Task — All that is needed is an exact copy of the lines from the beginning of the data below through the line containing "Digitális panorámakép a fogakról", minus the pictures.

Provided material —
* * * * * * *
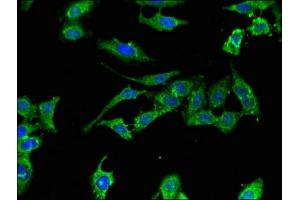 Immunofluorescent analysis of Hela cells using ABIN7175921 at dilution of 1:100 and Alexa Fluor 488-congugated AffiniPure Goat Anti-Rabbit IgG(H+L) (XAF1 antibody  (AA 172-259))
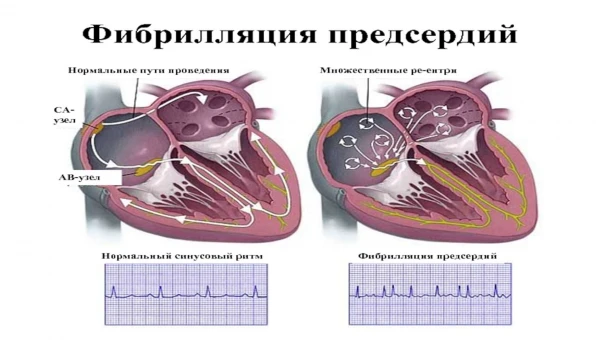 Фибрилляция предсердий: Опасное заблуждение и повышение риска инсульта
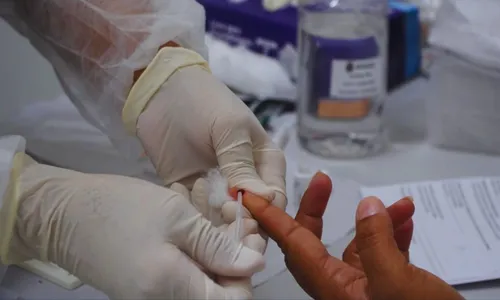 Ação marca o Dia Nacional de Combate à Sífilis e oferecerá testes rápidos em 62 unidades de saúde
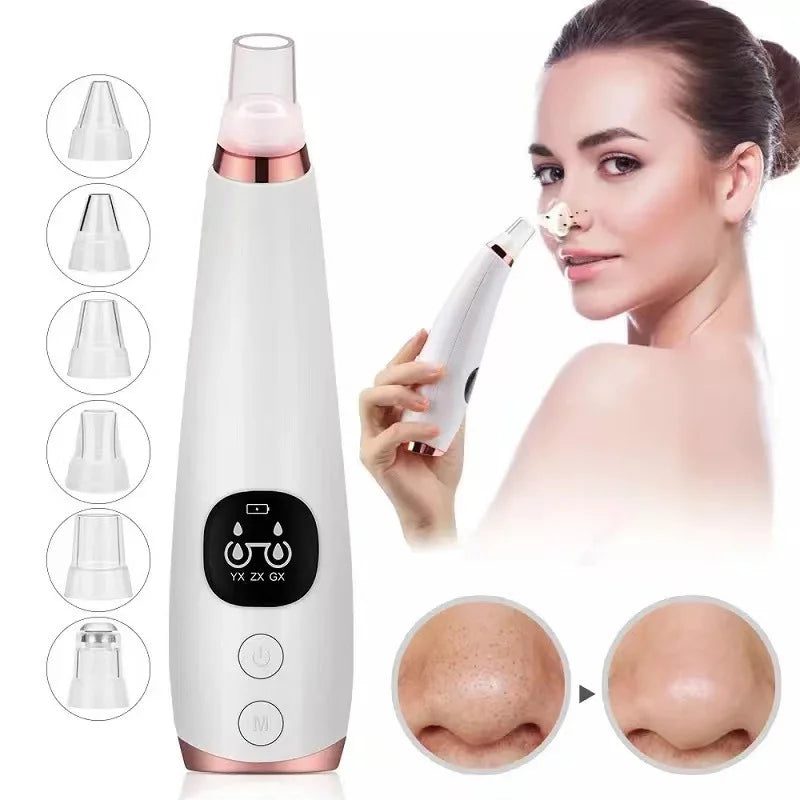Removedor de Cravos Elétrico a Vácuo – Limpeza Profunda da Pele, Acne e Poros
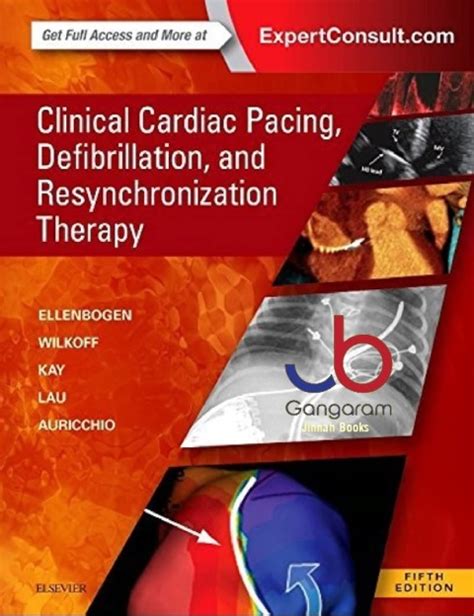 Clinical Cardiac Pacing Epub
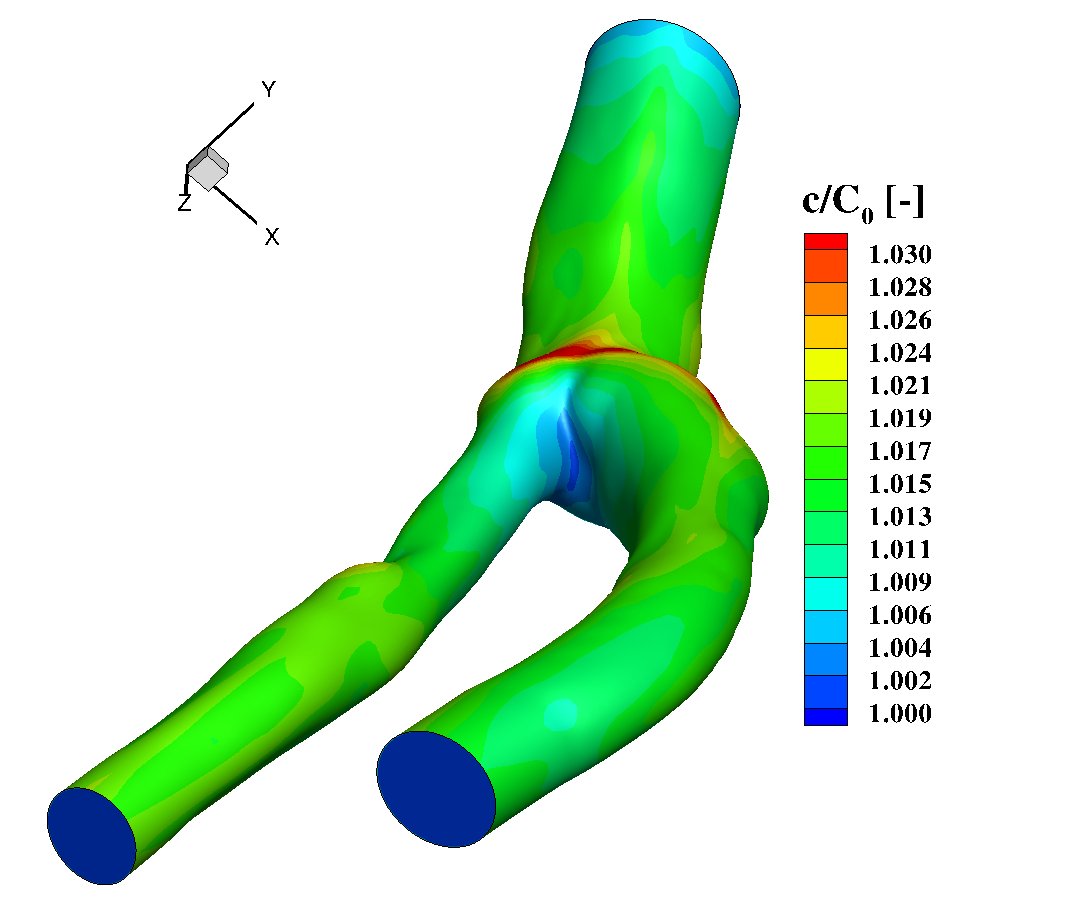Computer pinpoints atherosclerosis risk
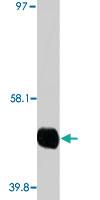 Anti-CYP2A6 Mouse Monoclonal Antibody [clone: F16 P2 D8]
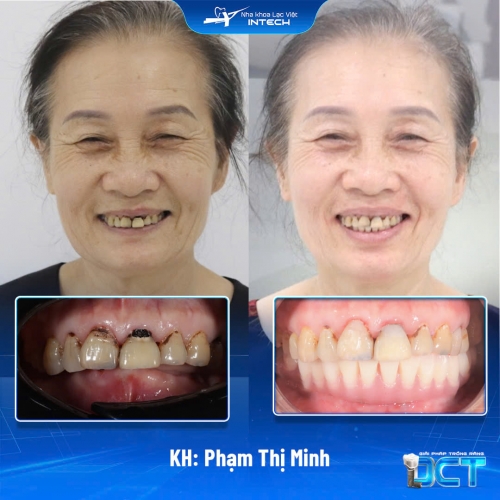 KH: Phạm Thị Minh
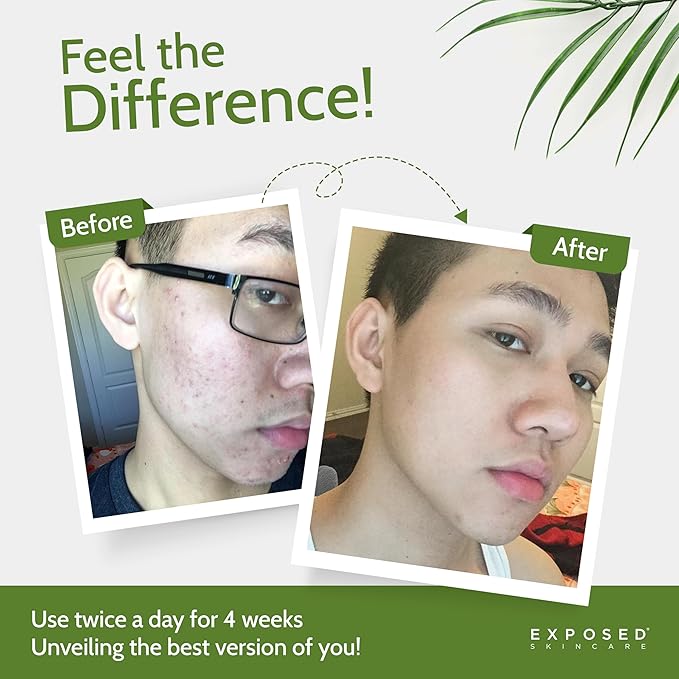 Exposed Skin Care Body Acne Kit – Dual Acne Treatment Serums + Body Wash and Exfoliating Body Cloth – Powerful System Eliminates Pimples and Breakouts to Quickly Clear Back and Body Acne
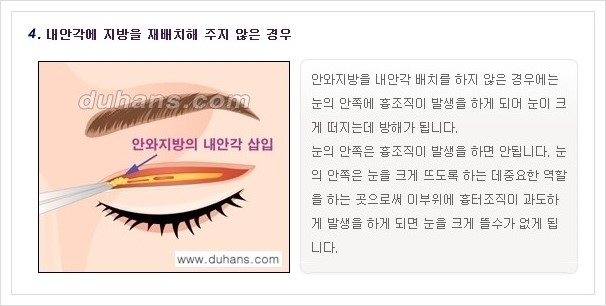 ​​[두한성형외과 경쟁력 쌍꺼풀(눈) 재수술] - [쌍꺼풀(눈) 재수술 실패의 원인 분석 안내] 관련 이미지 6
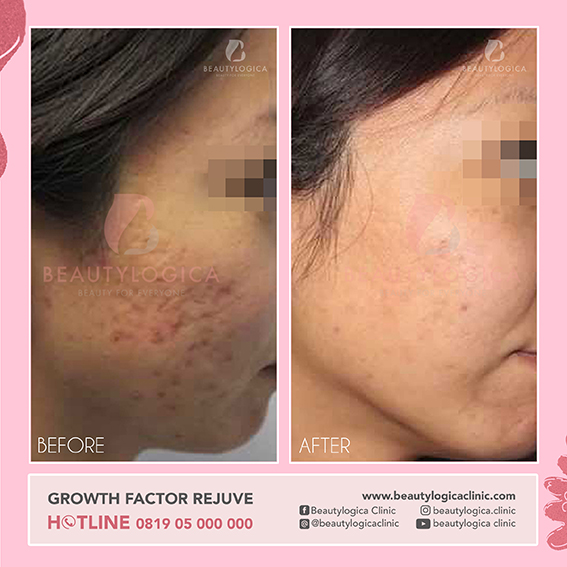 BEFORE & AFTER GROWTH FACTOR REJUVE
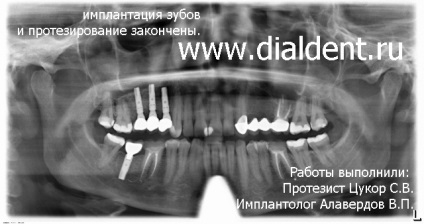 Digitális panorámakép a fogakról
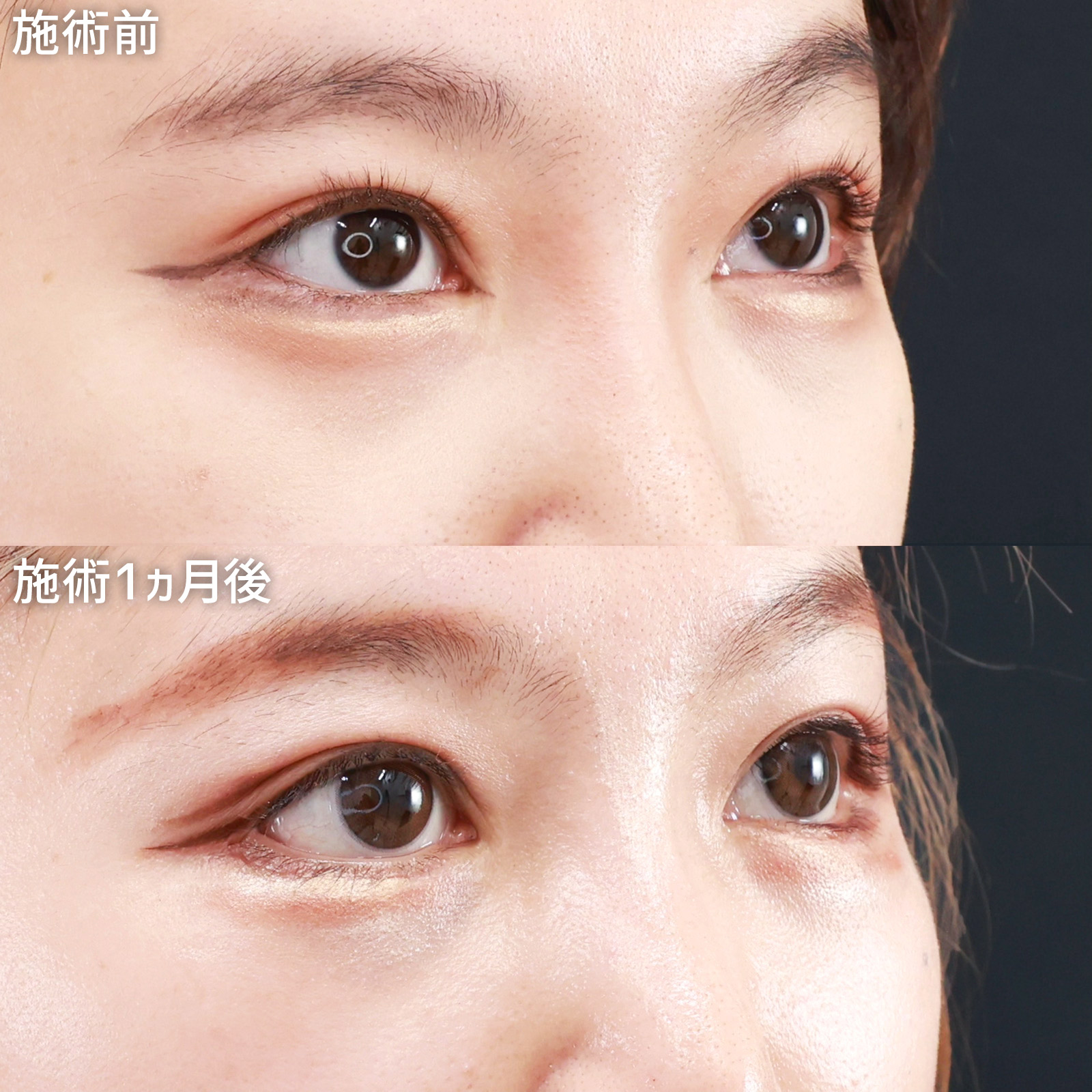 グラマラスライン（タレ目形成）/目尻靭帯移動術/下眼瞼脱脂術（目の下のたるみ取り・目の下の脂肪ふくらみ取り）の症例写真 施術前後 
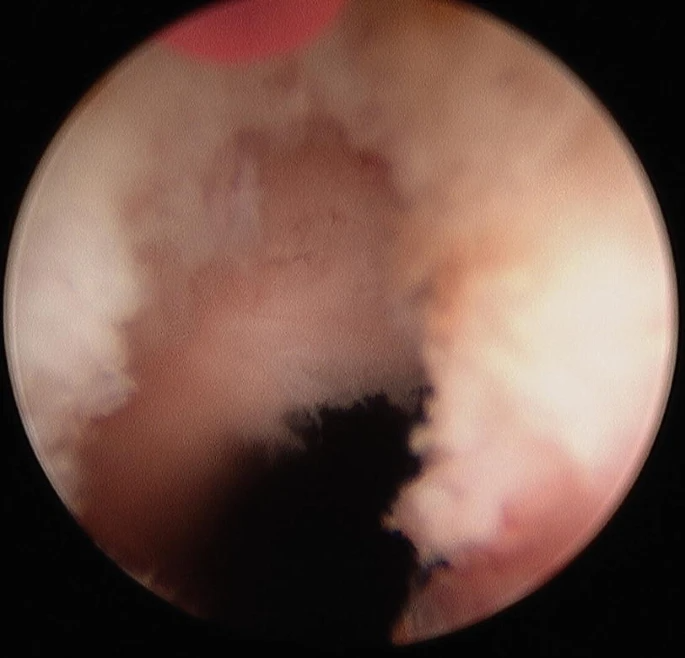 HoLEP Procedure Steps and Techniques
* * * * * * *
Your solution —
 Immunofluorescent analysis of Hela cells using ABIN7175921 at dilution of 1:100 and Alexa Fluor 488-congugated AffiniPure Goat Anti-Rabbit IgG(H+L) (XAF1 antibody  (AA 172-259))
 Фибрилляция предсердий: Опасное заблуждение и повышение риска инсульта
 Ação marca o Dia Nacional de Combate à Sífilis e oferecerá testes rápidos em 62 unidades de saúde
Removedor de Cravos Elétrico a Vácuo – Limpeza Profunda da Pele, Acne e Poros
 Clinical Cardiac Pacing Epub
Computer pinpoints atherosclerosis risk
 Anti-CYP2A6 Mouse Monoclonal Antibody [clone: F16 P2 D8]
 KH: Phạm Thị Minh
 Exposed Skin Care Body Acne Kit – Dual Acne Treatment Serums + Body Wash and Exfoliating Body Cloth – Powerful System Eliminates Pimples and Breakouts to Quickly Clear Back and Body Acne
 ​​[두한성형외과 경쟁력 쌍꺼풀(눈) 재수술] - [쌍꺼풀(눈) 재수술 실패의 원인 분석 안내] 관련 이미지 6
 BEFORE & AFTER GROWTH FACTOR REJUVE
 Digitális panorámakép a fogakról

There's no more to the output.